Editorial

EL PASANTE – GUILLERMO ALMADA

  1. EL PASANTE

GUILLERMO ALMADA

 

Agustín Demerov se había caracterizado a lo largo de sus treinta y cuatro años en ser un “bueno-para-nada”. Demás está decir que no terminó los estudios y todo oficio que encaró concluyó en fracaso; por este motivo siempre sirvió de centro de las burlas de todos quienes tenían el displacer de conocerlo.

Este y otros sucesos transcurridos en su vida, como por ejemplo el desprecio femenino, y cuando hablo de desprecio no exagero, lo marcaron profundamente. Cierta vez en que invitó a una compañera de trabajo a una fiesta familiar a la casa de los Demetier, familia patricia del poblado, recibió como respuesta una frase que lo dejó partido por la mitad. La joven nada más frunció el ceño al tiempo que le espetaba que él representaba todo lo que ella aborrecía de los hombres, le pidió disculpas y le cerró la puerta en la cara.

Tal vez actitudes como estas, decía, hayan sido las que lo indujeron a hacer lo que hizo.

Caminó los diez kilómetros que lo conducían al pueblo vecino y buscó a Melania que era una mujer de la cual se decía practicaba no la brujería, sino la magia negra, y tenía contacto directo con el Diablo.

Muy por el contrario de lo que el imaginario general puede concebir acerca de la imagen de una bruja Melania era una bella mujer de unos cincuenta y cinco o sesenta años, muy elegante que lucía sus curvaturas por las calles del pueblo con esbeltez. Podemos especular con que estos atributos tan femeninos fueron los que provocaron cierta envidia en las demás señoras y señoritas de la comarca y, para que sus maridos no se le acercaran con facilidad, decidieron difamarla.

Lo cierto es que Melania no recibió de buen grado la visita de Agustín Demerov; de hecho le dijo que se hallaba indispuesta y que ese estado disminuía sensiblemente sus poderes así que debería esperar a que estuviera dispuesta o volver quince días más tarde. Y allí se sentó Agustín en el patio de tierra de la entrada, en una silla de totora, cinco días seguidos y sus noches, sin moverse. Melania entraba y salía de la casa, hacía sus cosas, iba y venía y Agustín siempre allí, sentado en la silla de totora, silencioso, cabizbajo, esperando a que se den las condiciones para ser atendido por Melania.

Finalmente, al sexto día, la mujer se asomó, lo miró fijamente a los ojos y respirando hondo lo hizo pasar. Sentados frente a frente ante una mesa pequeña cubierta por una carpeta negra con borde dorado y un pentagrama grabado en el centro charlaron durante más de una hora, tras lo cual Agustín salió contento y con paso diligente hacia su casa.

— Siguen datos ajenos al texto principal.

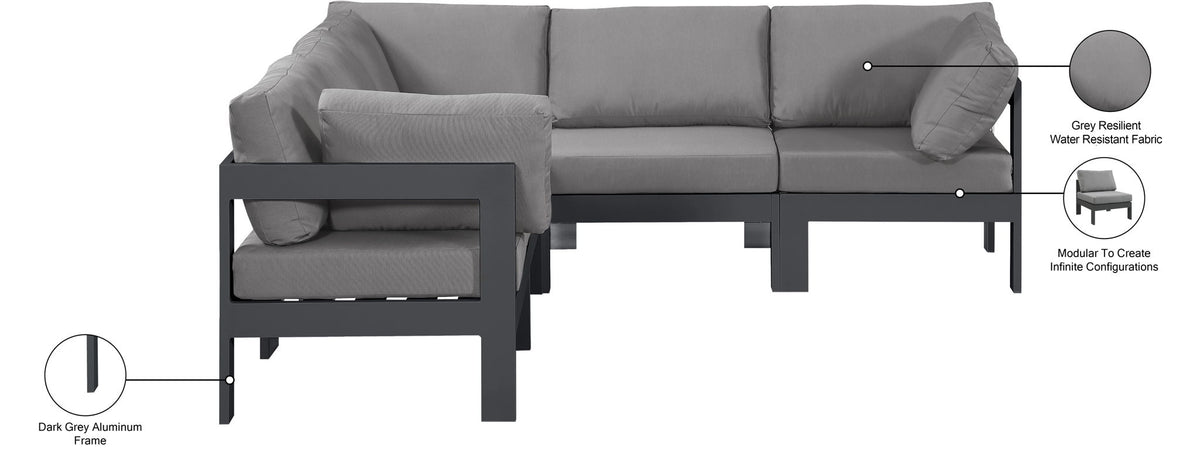 Nizuc - Outdoor Patio 5 Piece Modular Sectional With Gray Frame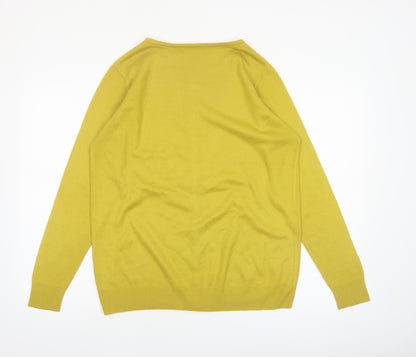 Isle Womens Yellow Acrylic Button-Up Cardigan Size M 14-16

 Al día siguiente, al despertar, sabía que tenía la misión de rescatar un alma para el mismísimo infierno, y para ayudarlo le habían proporcionado los datos precisos de quien debía ser. Es que había en el pueblo un tipo que había manifestado que andaba con ganas de suicidarse y antes de que esto sucediera Agustín debía seducirlo a hacer algo malo, más que malo, deleznable, y de esta manera conseguiría el favor solicitado.

El caso es que cuando los dos hombres se conocieron parecían dos cuadros pintados por el mismo pintor. Sin hablar de sus verdaderas intenciones, nuestro amigo comenzó a indagar sobre su interlocutor, y éste sin demora pero casi desahuciado se puso a contarle las cuitas de su vida, hasta que en un momento ambos se quebraron y Agustín comenzó a contarle acerca de las oportunidades que siempre da la vida, que las esperanzas no deben perderse nunca porque siempre hay alguien a quien le importamos y algo para lo cual seamos especiales o sirvamos; el hombre se paró ante él y abrazándolo le agradeció sus palabras asegurándole que había cambiado de idea.

Al salir de donde había estado reunido con quien debía ser su víctima se dio cuenta que en la esquina lo esperaba Melania, que por cierto tenía cara de furia incontenible y cuando lo tuvo a mano lo tomó por la solapa y le enrostró lo inútil que era; que ella le había conseguido una pasantía con el mismísimo Diablo y lo había arruinado en la primera, lo azotó contra la pared y se marchó sensiblemente irritada.

Agustín asintió con la cabeza a todo lo que Melania le achacó, la miró alejarse y se fue para su casa, en silencio, sin decir nada. Al llegar buscó desesperadamente el diario, parecía recordar algo que deseaba encontrar, daba vuelta las hojas buscando con prisa, al final marcó con lápiz un aviso y se fue para esa dirección con el ejemplar debajo del brazo, y le fue muy bien, hoy todavía trabaja en el mismo centro de ayuda al suicida.